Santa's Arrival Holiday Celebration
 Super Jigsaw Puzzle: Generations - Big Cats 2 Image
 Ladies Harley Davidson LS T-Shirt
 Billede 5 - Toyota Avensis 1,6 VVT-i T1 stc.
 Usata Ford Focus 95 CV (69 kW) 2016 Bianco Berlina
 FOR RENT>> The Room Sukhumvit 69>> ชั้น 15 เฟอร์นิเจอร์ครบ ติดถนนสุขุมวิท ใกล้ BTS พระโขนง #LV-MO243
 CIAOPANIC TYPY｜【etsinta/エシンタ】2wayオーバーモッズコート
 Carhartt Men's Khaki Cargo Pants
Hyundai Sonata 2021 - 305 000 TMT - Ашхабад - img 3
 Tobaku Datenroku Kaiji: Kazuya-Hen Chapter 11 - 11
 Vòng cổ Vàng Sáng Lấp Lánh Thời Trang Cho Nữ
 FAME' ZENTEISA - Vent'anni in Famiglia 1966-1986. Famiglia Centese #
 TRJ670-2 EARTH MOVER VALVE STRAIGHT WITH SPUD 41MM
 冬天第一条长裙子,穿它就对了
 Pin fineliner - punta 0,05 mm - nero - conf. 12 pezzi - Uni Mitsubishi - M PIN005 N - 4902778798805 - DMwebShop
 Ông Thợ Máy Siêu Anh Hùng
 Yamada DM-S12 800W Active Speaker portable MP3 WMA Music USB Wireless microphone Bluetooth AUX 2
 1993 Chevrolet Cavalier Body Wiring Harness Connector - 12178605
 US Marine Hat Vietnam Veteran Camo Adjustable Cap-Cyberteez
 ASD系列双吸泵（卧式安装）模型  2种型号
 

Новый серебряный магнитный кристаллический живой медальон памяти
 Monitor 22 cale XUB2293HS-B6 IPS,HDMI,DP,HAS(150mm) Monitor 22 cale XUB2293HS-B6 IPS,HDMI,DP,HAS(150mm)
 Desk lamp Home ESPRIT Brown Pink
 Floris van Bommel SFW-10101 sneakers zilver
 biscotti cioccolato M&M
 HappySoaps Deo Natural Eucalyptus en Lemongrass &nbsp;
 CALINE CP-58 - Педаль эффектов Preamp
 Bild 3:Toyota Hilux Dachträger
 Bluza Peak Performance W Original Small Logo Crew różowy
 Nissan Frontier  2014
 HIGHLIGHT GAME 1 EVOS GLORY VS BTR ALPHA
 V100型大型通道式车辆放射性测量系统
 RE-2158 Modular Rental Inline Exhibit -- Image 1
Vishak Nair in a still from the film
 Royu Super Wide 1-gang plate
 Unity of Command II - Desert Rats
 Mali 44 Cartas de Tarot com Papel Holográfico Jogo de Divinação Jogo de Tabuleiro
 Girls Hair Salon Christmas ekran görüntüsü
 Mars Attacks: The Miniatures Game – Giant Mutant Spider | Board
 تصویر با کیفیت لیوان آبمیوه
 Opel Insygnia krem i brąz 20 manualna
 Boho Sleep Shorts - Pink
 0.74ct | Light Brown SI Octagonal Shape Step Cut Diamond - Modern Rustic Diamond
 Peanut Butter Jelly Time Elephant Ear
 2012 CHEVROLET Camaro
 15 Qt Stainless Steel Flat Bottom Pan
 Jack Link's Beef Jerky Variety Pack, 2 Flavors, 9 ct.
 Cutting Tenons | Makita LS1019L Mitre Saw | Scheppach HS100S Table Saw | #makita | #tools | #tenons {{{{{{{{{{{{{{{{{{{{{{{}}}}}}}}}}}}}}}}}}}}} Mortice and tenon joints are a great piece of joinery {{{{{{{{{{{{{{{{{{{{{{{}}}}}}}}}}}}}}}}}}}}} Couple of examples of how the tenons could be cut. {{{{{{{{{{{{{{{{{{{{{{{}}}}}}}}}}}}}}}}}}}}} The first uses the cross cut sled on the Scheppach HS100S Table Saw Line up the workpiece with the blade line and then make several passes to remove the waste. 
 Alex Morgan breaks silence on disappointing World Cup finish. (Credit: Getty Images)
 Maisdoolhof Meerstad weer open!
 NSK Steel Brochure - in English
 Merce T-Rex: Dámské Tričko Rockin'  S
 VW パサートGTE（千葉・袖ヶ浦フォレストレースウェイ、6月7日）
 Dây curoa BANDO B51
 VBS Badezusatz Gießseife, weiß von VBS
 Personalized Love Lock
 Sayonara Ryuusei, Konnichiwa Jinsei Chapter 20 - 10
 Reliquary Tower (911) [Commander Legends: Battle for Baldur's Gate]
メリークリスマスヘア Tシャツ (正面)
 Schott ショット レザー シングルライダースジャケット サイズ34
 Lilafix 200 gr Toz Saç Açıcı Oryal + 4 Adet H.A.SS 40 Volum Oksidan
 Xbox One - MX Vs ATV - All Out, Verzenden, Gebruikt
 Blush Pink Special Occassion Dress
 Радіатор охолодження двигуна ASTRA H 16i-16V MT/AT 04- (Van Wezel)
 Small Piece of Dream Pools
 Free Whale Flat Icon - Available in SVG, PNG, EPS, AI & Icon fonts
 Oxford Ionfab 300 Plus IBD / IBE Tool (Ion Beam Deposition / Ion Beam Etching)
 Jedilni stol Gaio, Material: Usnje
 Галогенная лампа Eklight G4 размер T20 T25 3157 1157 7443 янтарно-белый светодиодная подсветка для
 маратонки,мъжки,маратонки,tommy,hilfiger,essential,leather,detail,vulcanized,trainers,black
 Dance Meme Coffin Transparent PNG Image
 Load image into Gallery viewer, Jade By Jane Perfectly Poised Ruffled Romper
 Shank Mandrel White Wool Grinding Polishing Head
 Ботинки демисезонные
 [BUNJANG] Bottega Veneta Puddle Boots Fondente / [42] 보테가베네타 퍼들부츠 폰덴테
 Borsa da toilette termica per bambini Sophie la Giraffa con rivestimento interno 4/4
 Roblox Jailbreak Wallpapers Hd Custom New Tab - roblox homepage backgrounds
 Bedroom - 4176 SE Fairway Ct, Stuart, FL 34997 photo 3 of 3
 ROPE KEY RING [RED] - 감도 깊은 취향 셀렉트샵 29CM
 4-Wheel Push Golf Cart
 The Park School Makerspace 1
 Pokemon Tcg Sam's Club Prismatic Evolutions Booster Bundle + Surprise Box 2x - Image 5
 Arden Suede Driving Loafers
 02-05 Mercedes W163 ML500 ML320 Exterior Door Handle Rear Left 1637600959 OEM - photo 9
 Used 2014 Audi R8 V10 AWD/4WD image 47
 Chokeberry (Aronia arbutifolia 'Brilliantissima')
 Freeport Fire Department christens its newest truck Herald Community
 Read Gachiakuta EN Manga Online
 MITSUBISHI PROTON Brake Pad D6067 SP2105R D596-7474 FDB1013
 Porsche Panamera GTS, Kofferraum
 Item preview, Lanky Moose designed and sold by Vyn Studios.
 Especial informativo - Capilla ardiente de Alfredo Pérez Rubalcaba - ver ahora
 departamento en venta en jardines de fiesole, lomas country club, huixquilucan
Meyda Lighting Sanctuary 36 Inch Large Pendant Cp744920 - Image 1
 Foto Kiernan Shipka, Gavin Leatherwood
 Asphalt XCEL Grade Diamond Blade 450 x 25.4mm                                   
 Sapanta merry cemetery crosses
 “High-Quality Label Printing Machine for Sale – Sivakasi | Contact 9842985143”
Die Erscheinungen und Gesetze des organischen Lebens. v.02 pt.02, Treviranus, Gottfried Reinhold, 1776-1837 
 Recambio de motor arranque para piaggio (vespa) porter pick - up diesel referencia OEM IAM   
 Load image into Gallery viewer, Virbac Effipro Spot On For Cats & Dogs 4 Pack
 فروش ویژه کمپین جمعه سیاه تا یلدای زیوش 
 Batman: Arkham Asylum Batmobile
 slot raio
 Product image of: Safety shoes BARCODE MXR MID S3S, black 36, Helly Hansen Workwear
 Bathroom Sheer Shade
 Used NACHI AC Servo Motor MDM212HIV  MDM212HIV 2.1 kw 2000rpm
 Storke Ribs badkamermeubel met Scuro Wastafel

EXERCISE OBJECTIVE:
For the listing above, print only the lines starting at the line containing "Arden Suede Driving Loafers" and ending at the line containing "Label Printing Machine", exactly, both included.

ANSWER SECTION:
 Arden Suede Driving Loafers
 02-05 Mercedes W163 ML500 ML320 Exterior Door Handle Rear Left 1637600959 OEM - photo 9
 Used 2014 Audi R8 V10 AWD/4WD image 47
 Chokeberry (Aronia arbutifolia 'Brilliantissima')
 Freeport Fire Department christens its newest truck Herald Community
 Read Gachiakuta EN Manga Online
 MITSUBISHI PROTON Brake Pad D6067 SP2105R D596-7474 FDB1013
 Porsche Panamera GTS, Kofferraum
 Item preview, Lanky Moose designed and sold by Vyn Studios.
 Especial informativo - Capilla ardiente de Alfredo Pérez Rubalcaba - ver ahora
 departamento en venta en jardines de fiesole, lomas country club, huixquilucan
Meyda Lighting Sanctuary 36 Inch Large Pendant Cp744920 - Image 1
 Foto Kiernan Shipka, Gavin Leatherwood
 Asphalt XCEL Grade Diamond Blade 450 x 25.4mm                                   
 Sapanta merry cemetery crosses
 “High-Quality Label Printing Machine for Sale – Sivakasi | Contact 9842985143”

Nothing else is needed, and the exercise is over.